Vista aérea do Acampamento 41, no Amazonas, onde são desenvolvidos projetos científicos para entender como a floresta é impactada pelas mudanças climáticas Michael Dantas/UN Foundation

Acampamento 41 (AM)

Um lugar no coração da Amazônia guarda segredos climáticos da floresta. Isso não significa que se trate de um espaço com propriedades especiais —apesar de uma certa mística que cerca a área. O que torna o chamado Acampamento 41 diferente é que é ali que se procuram os impactos e as respostas da Amazônia à crise climática.

O 41, no estado do Amazonas, faz parte de uma rede de acampamentos em meio às árvores. São neles que os pesquisadores se instalam por longas temporadas para descobrir as interações entre a Amazônia e as mudanças no clima.

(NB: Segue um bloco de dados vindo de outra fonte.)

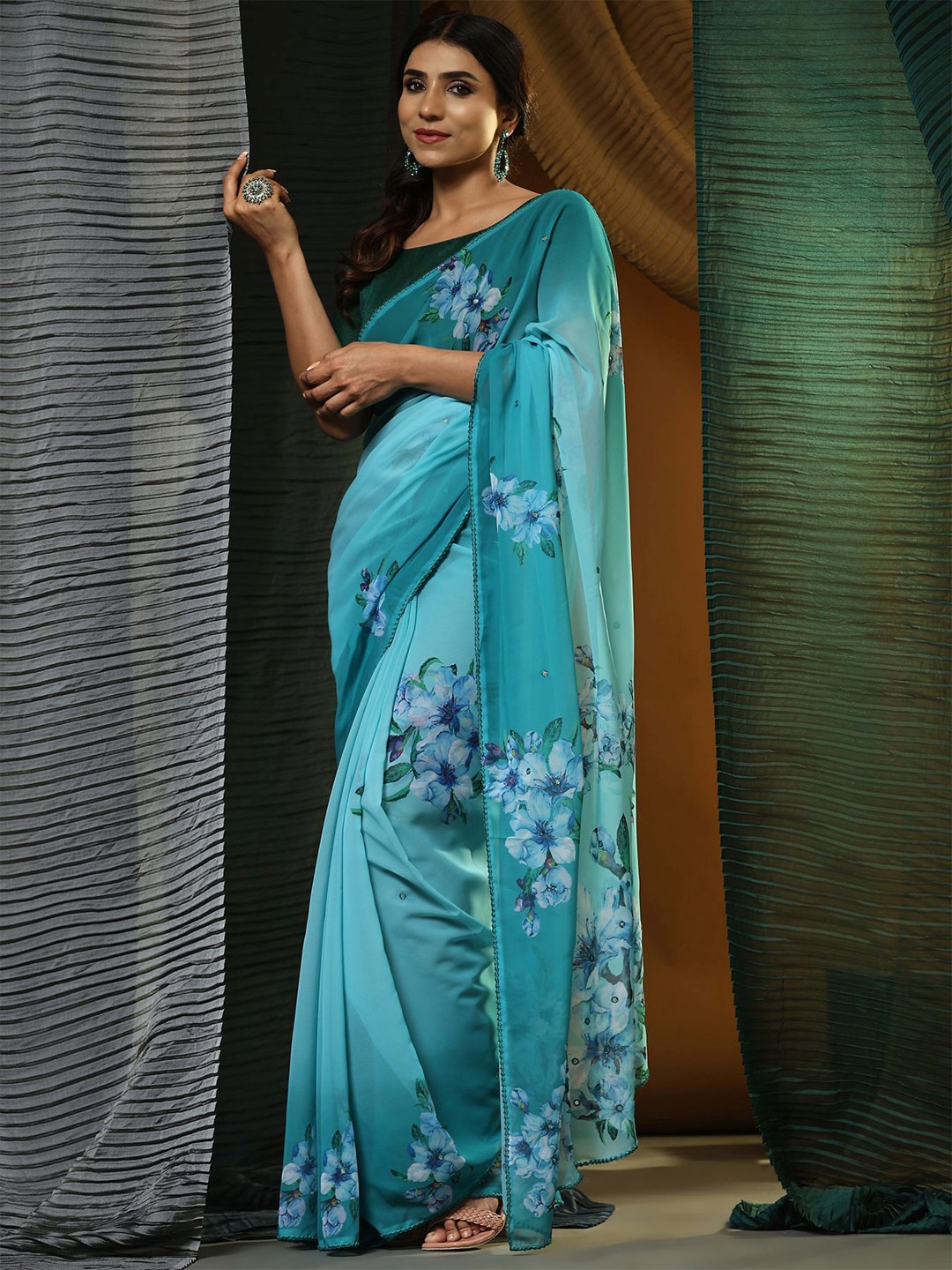 

Vastrasky Global Floral Printed Pure Georgette Saree, Teal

Temas importantes para entender o bioma, como o da fragmentação florestal e dos efeitos de borda, são alguns dos estudos desses centros de pesquisa imersos na mata. No 41, mais recentemente, tem sido desenvolvido também um projeto que se debruça sobre a limitação do potencial da Amazônia em absorver gás carbônico (CO2), algo essencial para modelagens climáticas —ou seja, para projetar o futuro do planeta.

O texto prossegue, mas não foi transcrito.